Researchers have employed a novel technique to detect harmful changes linked to motor neurone disease.
A new technique developed at the University of Birmingham has successfully pinpointed pathological changes related to motor neurone disease.
This innovative method aims to enhance scientists’ understanding of the brain changes that contribute to motor neurone disease (MND), and it could potentially lead to new treatment options in the future. The findings result from a collaboration between the University of Birmingham and the University of Sheffield, and they have been published in Nature Communications.
Motor neurone disease—often referred to as amyotrophic lateral sclerosis or ALS—is a condition that leads to muscle degeneration because the motor neurons in the brain fail to send signals to the muscles, causing muscle weakness. Approximately 5,000 individuals in the UK are living with this disease at any given time, and there is currently no known cure.
At the University of Birmingham, researchers have created a technique that allows them to analyze specific proteins in their natural form, directly derived from brain and spinal cord tissue samples. This method, known as native ambient mass spectrometry (NAMS), provides an unprecedented ability to study the structure of proteins regarding their location within the tissue.

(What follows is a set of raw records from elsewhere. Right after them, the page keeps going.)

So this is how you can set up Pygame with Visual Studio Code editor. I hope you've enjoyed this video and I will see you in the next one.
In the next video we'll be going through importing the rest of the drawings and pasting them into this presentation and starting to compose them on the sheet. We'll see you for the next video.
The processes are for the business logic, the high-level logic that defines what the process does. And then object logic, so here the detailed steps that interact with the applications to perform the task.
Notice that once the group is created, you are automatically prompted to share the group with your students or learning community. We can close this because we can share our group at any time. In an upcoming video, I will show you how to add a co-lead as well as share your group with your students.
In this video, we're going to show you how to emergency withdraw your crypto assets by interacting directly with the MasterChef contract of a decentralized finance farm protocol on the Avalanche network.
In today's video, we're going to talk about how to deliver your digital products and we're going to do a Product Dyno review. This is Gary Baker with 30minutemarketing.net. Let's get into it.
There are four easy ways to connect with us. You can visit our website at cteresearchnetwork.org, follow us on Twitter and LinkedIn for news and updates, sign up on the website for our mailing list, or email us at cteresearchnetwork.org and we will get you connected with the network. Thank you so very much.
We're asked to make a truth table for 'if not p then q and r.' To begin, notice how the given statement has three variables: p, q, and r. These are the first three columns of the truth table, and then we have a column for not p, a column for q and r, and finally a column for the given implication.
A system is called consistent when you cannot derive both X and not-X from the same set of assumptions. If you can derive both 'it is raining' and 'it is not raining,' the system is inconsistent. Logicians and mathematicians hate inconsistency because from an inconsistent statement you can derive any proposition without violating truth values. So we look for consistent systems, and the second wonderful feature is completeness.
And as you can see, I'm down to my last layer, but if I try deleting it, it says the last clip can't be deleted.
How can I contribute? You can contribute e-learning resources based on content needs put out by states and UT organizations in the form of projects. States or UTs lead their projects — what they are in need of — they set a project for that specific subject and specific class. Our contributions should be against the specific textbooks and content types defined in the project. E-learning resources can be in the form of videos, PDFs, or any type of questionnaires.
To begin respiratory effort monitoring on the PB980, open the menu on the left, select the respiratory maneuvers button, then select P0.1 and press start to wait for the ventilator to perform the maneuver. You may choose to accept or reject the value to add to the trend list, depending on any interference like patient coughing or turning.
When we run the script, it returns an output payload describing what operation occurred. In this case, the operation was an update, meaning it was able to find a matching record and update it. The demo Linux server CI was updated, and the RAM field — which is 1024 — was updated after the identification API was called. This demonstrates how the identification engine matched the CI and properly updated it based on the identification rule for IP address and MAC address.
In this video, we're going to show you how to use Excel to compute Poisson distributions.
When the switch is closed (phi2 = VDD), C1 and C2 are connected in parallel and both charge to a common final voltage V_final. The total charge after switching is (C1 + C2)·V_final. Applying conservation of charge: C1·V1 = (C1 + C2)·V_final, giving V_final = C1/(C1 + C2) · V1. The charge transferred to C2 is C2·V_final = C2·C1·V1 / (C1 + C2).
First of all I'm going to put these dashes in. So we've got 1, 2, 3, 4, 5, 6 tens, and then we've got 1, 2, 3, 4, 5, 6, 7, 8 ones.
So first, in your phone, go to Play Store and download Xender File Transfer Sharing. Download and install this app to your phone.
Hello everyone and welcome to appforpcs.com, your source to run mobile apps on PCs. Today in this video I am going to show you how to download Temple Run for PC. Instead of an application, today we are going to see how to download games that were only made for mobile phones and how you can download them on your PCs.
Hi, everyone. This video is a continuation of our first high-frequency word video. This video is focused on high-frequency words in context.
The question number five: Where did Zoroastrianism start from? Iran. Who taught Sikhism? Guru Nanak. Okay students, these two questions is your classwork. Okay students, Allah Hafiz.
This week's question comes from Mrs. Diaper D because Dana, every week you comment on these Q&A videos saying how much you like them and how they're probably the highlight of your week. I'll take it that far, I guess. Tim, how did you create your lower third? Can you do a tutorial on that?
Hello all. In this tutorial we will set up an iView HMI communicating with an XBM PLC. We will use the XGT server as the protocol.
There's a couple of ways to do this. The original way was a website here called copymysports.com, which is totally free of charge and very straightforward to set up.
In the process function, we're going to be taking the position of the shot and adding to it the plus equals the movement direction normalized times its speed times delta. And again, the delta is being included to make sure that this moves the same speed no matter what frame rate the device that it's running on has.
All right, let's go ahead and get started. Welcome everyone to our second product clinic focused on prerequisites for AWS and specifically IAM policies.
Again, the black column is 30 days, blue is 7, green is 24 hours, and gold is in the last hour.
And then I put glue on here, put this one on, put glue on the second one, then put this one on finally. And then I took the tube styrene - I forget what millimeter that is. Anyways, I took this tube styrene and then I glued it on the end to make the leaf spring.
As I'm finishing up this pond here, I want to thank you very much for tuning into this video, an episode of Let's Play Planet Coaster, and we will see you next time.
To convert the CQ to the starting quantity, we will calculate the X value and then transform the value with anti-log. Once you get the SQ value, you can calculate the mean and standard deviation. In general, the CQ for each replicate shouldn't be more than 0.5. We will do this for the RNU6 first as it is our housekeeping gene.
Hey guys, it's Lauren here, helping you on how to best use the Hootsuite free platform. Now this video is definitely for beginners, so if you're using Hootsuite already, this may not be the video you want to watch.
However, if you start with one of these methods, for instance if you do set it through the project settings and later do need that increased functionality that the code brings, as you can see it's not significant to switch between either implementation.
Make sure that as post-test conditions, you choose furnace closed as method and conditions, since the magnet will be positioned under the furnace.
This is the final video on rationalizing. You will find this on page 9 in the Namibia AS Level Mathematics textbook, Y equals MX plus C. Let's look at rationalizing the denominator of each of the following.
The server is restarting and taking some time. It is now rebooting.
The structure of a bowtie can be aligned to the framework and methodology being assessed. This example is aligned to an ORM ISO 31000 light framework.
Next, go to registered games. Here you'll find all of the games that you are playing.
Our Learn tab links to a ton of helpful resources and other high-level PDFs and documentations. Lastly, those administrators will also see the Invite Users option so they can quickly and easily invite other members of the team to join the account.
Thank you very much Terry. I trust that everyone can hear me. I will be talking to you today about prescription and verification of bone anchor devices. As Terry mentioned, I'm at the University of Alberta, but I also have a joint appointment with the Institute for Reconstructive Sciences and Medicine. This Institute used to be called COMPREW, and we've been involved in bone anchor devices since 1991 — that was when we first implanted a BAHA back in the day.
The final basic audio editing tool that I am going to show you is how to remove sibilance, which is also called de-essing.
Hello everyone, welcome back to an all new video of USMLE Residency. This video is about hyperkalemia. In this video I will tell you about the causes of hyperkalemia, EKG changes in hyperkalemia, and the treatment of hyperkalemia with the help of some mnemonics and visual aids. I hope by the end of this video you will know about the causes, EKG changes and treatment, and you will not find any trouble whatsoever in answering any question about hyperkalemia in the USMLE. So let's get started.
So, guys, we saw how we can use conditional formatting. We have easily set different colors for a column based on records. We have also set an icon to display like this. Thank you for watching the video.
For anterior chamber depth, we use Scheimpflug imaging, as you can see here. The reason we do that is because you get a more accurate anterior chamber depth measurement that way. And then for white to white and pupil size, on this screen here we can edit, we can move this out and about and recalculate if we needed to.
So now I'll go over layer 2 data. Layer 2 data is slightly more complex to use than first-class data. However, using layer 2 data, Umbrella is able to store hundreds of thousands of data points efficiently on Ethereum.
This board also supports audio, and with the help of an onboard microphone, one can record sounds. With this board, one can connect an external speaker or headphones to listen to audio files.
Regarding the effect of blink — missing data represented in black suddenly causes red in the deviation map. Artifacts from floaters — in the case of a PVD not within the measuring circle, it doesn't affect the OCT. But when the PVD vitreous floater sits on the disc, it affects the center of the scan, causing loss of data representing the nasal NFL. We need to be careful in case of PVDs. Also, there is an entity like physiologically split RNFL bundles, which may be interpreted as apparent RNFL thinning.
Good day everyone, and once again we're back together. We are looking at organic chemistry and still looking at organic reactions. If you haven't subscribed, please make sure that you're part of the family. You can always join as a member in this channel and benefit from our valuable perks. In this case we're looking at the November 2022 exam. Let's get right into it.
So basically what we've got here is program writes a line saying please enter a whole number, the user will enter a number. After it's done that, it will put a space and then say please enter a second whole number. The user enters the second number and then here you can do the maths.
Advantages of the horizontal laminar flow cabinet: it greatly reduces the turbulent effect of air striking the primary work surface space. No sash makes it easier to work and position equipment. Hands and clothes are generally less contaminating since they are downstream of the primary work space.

In collaboration with the University of Sheffield, the team discovered a deficiency of metal in a notable protein called SOD1, which accumulates in certain areas of the brain and spinal cord in mice with MND.
Although SOD1 has been linked to motor neurone disease in the past, this marks the first instance where detailed molecular imaging has illustrated how forms of the protein missing metal ions gather in the affected mice.
Helen Cooper, the lead researcher from Birmingham’s School of Biosciences, stated: “This is the first approach to demonstrate that this variant of SOD1 is related to the pathology of motor neurone disease. It represents a preliminary step toward discovering treatments for MND and opens an exciting avenue for understanding the molecular foundations of other diseases in remarkable detail.”
Richard Mead from the Sheffield Institute for Translational Neuroscience expressed his enthusiasm, saying: “We were thrilled to implement this remarkable methodology developed by Helen’s team to gain fresh insights into the biology of MND. We are eager to further utilize this technology to investigate the reasons motor neurons deteriorate and to discover new ways to assist those impacted by MND.”
The researchers plan to next investigate whether similar imbalances exist in human tissue samples and explore potential treatments for these imbalances in mice using existing drug compounds.